これはよく設計中に話題になること。「自然素材で仕上げた内装にしたい」と言われることは非常に多い。確かに人工的に生産された素材よりも、体には良いのだろう。ただし実際に、ビニルクロスがどの程度体に悪くて、漆喰や珪藻土がどの程度体に良いのか、ボクにははっきり説明出来ない。想像以上にクロスが体に悪いのかもしれないし、珪藻土や漆喰に化学物質が全く入っていないのかも、よくわからない。
たぶんこれからもずっとこの「自然素材信仰」は続くだろうし、それが悪いとも思わない。ボクは住宅というモノを売る商売をしているのではないので、素材へのこだわりはあまり無く、常にその家族に合った住まいを設計したいので、使う材料も適材適所で使い分けていきたい。工務店が自然素材を使った住まいをウリにするのは別に構わないが、設計事務所は自然素材を使う事をウリにすべきでないと思っている。
自然素材にも長所短所があって、いかにその短所を設計の工夫によって解決しているか、設計事務所が自然素材を使う場合のウリは「工夫」に尽きると思うが、その「工夫」をウリにする程、ボクの設計の経験が豊富で無いのも事実。このあたりはこれからも少しずつ学んでいくしかない。
いま内装施工中の現場でも、門井O邸は、
土を原料にしているクレイペイントを使っている。自然素材98%がウリ。
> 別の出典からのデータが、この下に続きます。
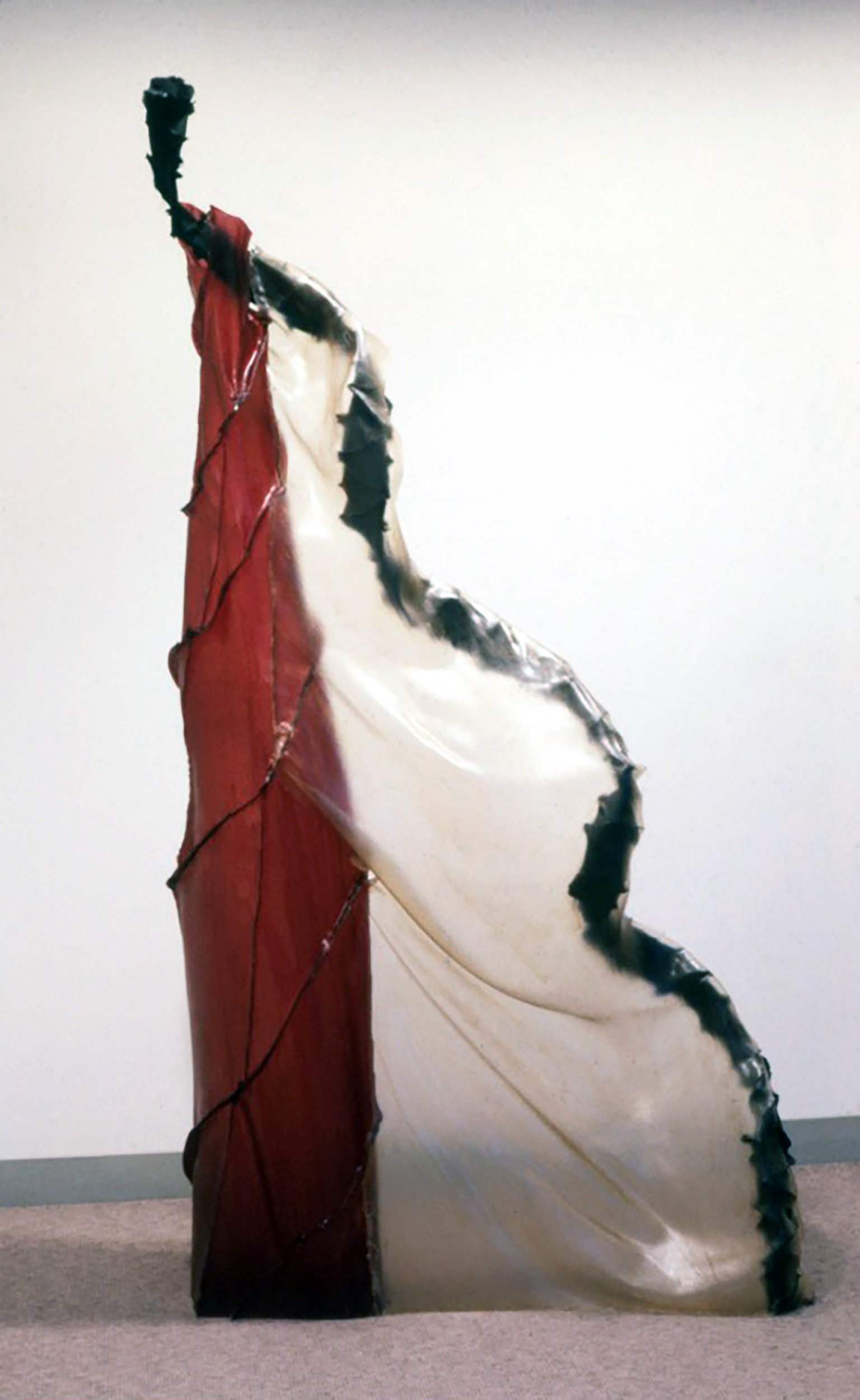  T.T., 1984, fiberglass cloth and polyester resin, 92 x 56 x 18 inches  With a couple of exceptions, the sculptures play a twisting, upward movement off a still, vertical core - actual or implied - like a vine twining around a tree, though in the scu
仕上がりはさらっとしていて、いかにも「塗りました~」感が無いのが良い。
同じく内装施工中の吉沢町I邸は全てクロス貼り。
今回はいつも使っている品番ではないクロスを選んだので、どんな感じに仕上がるのか楽しみ。
実際、どちらが良くてどちらが悪いという事も無く、住まい方と予算に応じて仕上げはいつも決めている。